TASK DETAILS:
Set the pictures aside and return each record below precisely as written.

DATA FOR ANALYSIS:

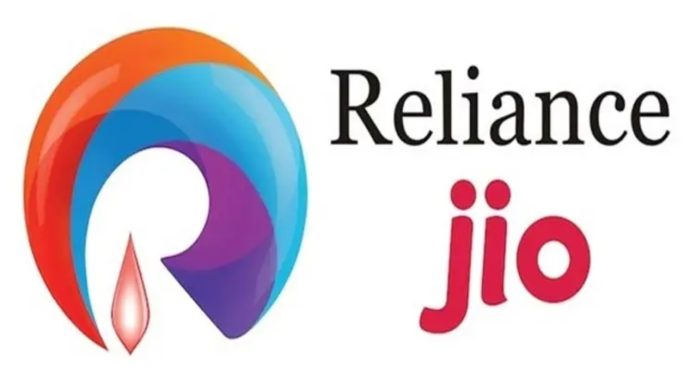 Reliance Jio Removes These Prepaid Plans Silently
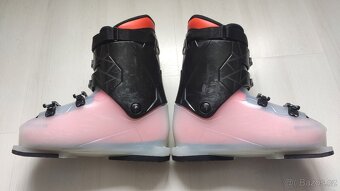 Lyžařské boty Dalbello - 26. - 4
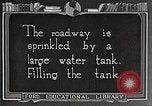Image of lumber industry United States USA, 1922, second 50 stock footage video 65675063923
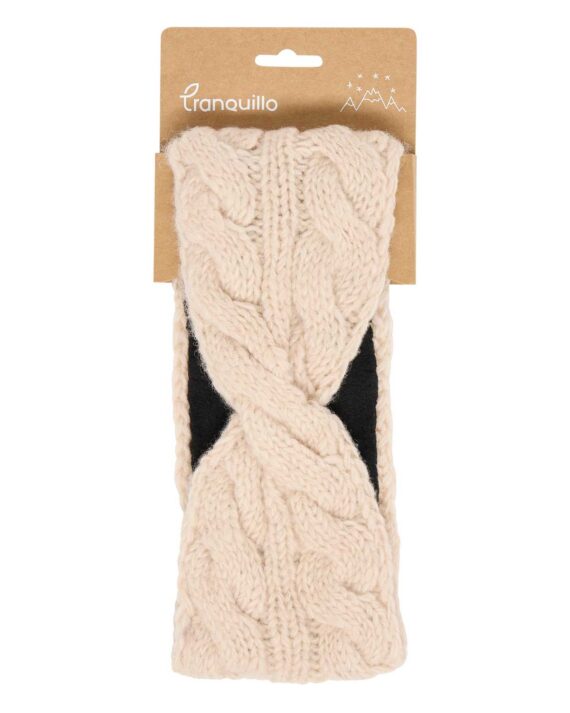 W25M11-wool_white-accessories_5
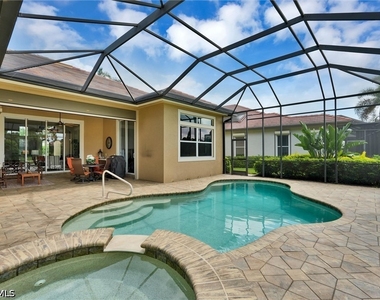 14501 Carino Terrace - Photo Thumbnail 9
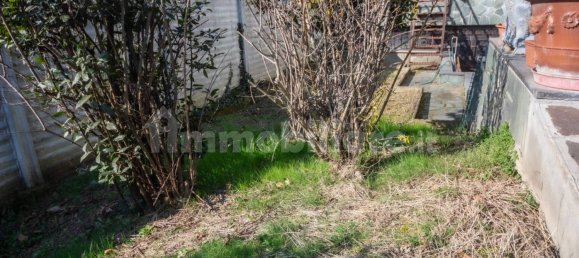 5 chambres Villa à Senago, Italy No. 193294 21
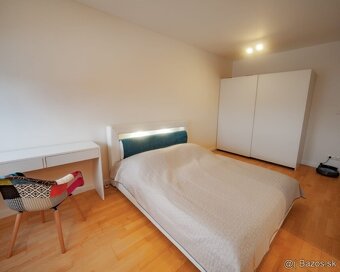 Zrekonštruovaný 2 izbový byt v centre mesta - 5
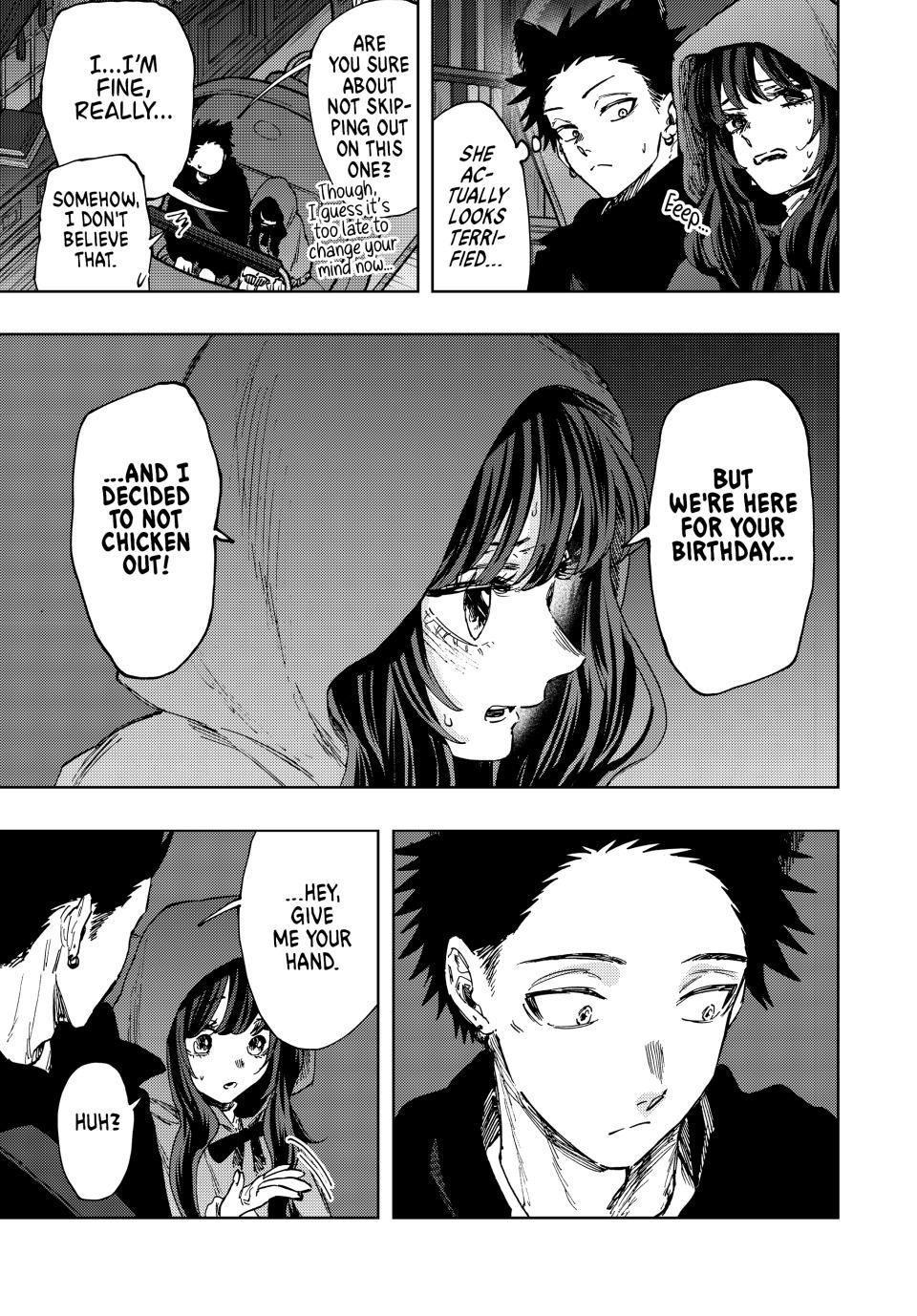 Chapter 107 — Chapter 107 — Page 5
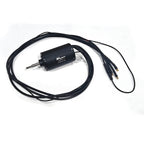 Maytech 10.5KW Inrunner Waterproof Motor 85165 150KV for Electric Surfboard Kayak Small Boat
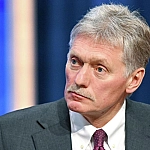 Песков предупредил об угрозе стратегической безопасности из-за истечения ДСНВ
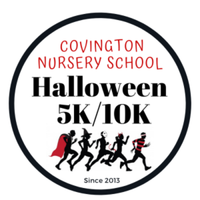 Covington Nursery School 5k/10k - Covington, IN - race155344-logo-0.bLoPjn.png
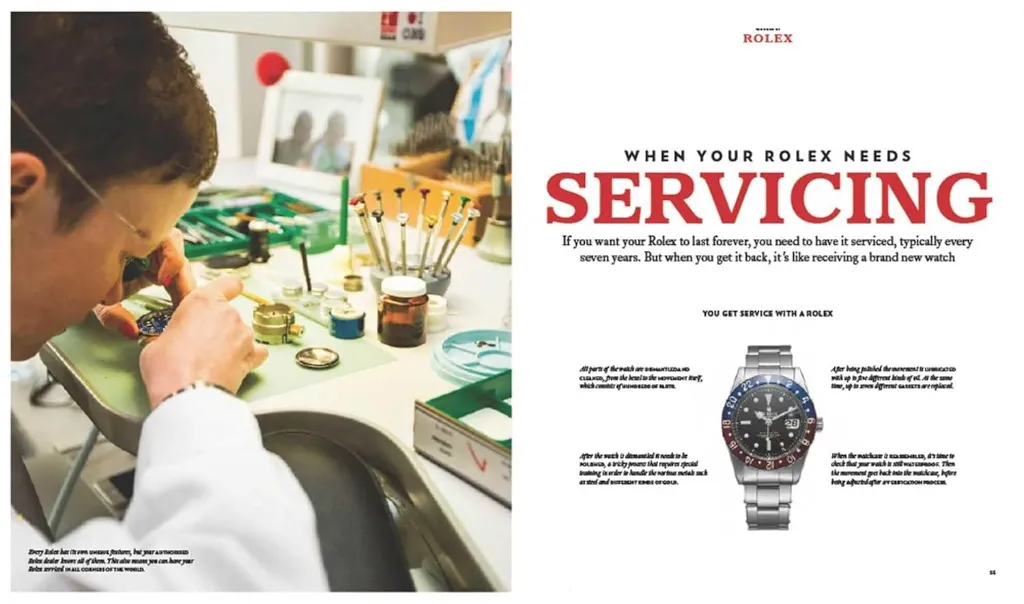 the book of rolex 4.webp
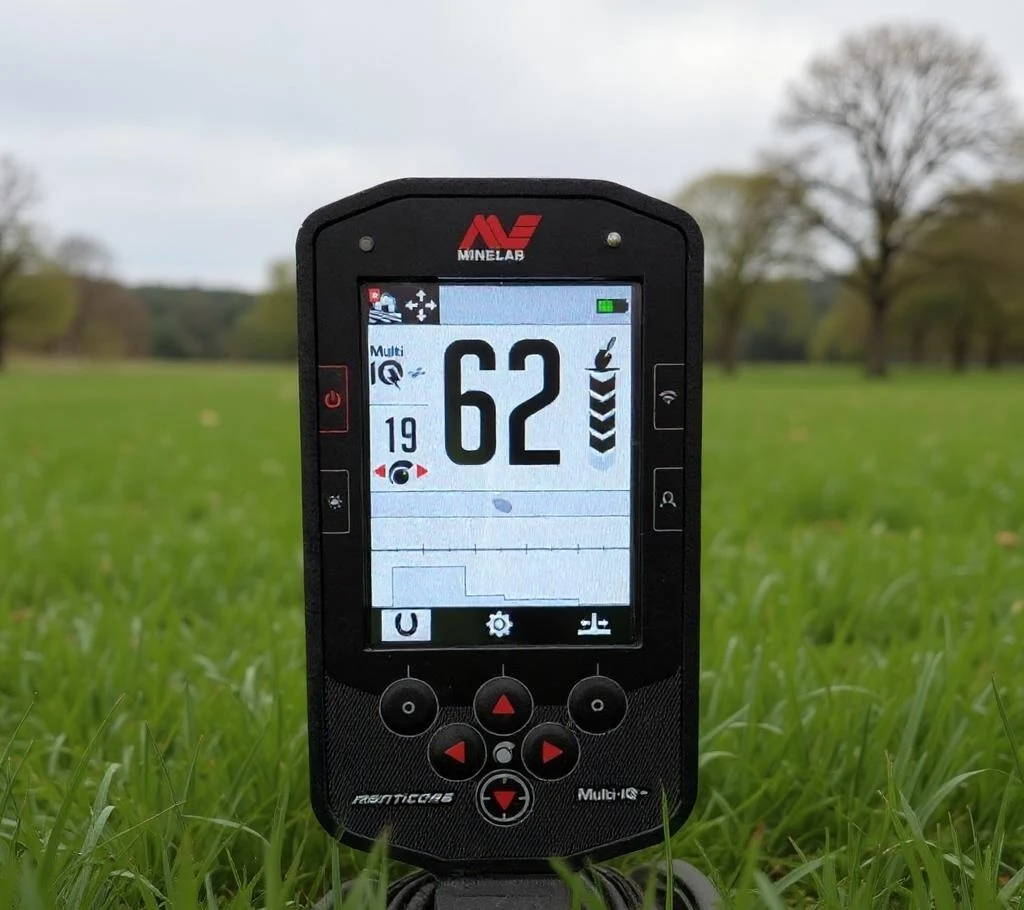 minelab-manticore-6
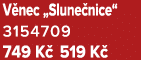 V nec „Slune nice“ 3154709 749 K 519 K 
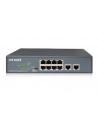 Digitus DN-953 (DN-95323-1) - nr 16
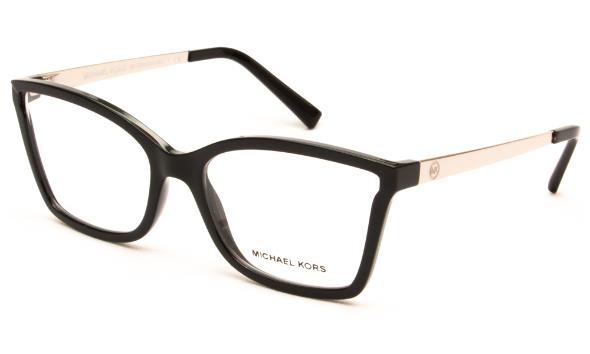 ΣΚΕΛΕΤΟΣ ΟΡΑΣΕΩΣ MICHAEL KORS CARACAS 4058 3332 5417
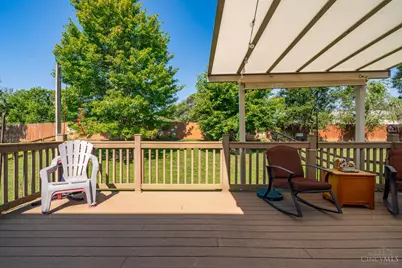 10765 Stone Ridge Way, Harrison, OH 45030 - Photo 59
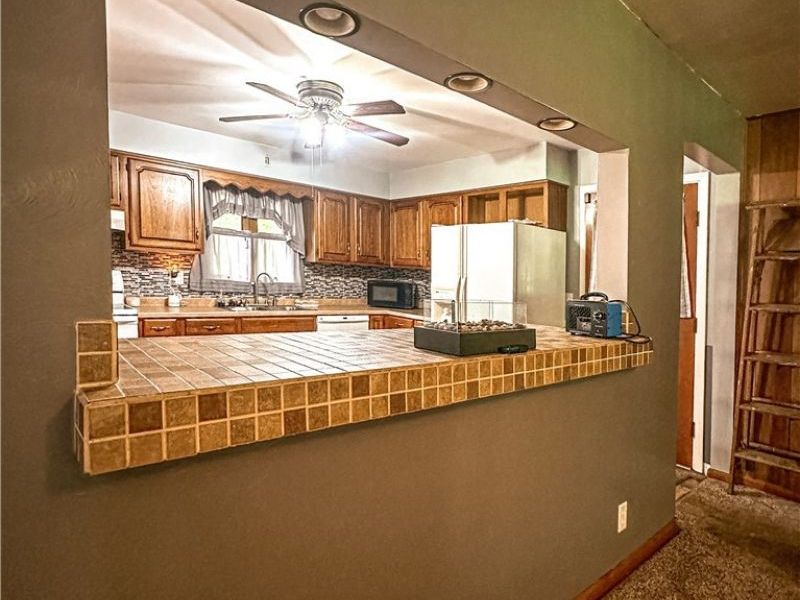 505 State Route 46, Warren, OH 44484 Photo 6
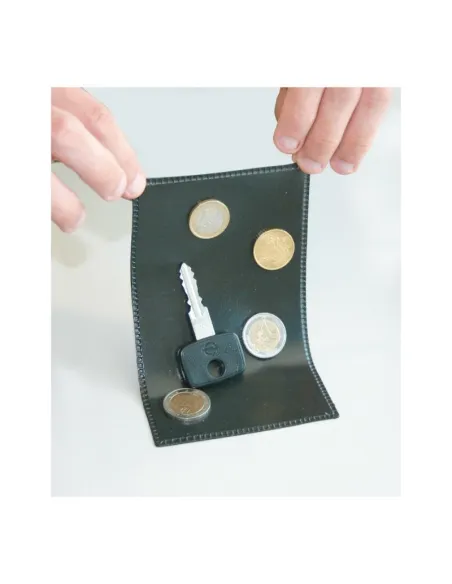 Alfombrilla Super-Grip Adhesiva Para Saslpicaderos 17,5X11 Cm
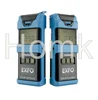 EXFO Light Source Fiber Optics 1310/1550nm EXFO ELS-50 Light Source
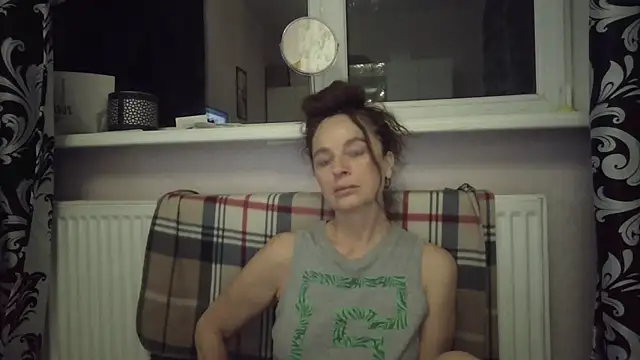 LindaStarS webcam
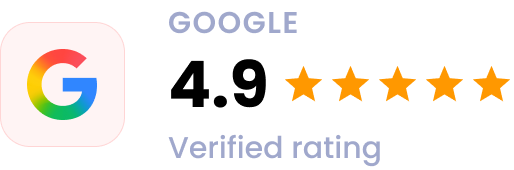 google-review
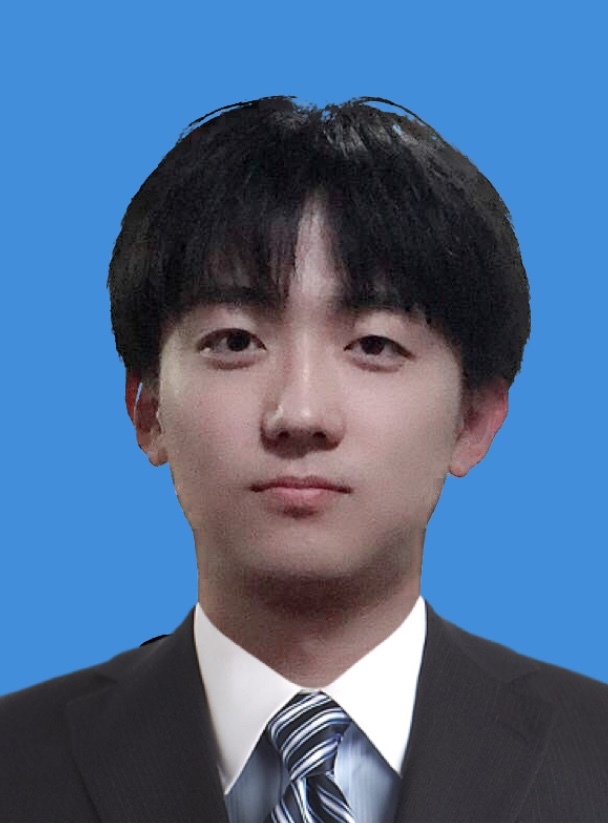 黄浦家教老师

RESPONSE AREA:
 Reliance Jio Removes These Prepaid Plans Silently
 Lyžařské boty Dalbello - 26. - 4
Image of lumber industry United States USA, 1922, second 50 stock footage video 65675063923
 W25M11-wool_white-accessories_5
 14501 Carino Terrace - Photo Thumbnail 9
 5 chambres Villa à Senago, Italy No. 193294 21
 Zrekonštruovaný 2 izbový byt v centre mesta - 5
 Chapter 107 — Chapter 107 — Page 5
 Maytech 10.5KW Inrunner Waterproof Motor 85165 150KV for Electric Surfboard Kayak Small Boat
 Песков предупредил об угрозе стратегической безопасности из-за истечения ДСНВ
 Covington Nursery School 5k/10k - Covington, IN - race155344-logo-0.bLoPjn.png
 the book of rolex 4.webp
 minelab-manticore-6
 V nec „Slune nice“ 3154709 749 K 519 K 
 Digitus DN-953 (DN-95323-1) - nr 16
 ΣΚΕΛΕΤΟΣ ΟΡΑΣΕΩΣ MICHAEL KORS CARACAS 4058 3332 5417
 10765 Stone Ridge Way, Harrison, OH 45030 - Photo 59
 505 State Route 46, Warren, OH 44484 Photo 6
 Alfombrilla Super-Grip Adhesiva Para Saslpicaderos 17,5X11 Cm
 EXFO Light Source Fiber Optics 1310/1550nm EXFO ELS-50 Light Source
 LindaStarS webcam
 google-review
 黄浦家教老师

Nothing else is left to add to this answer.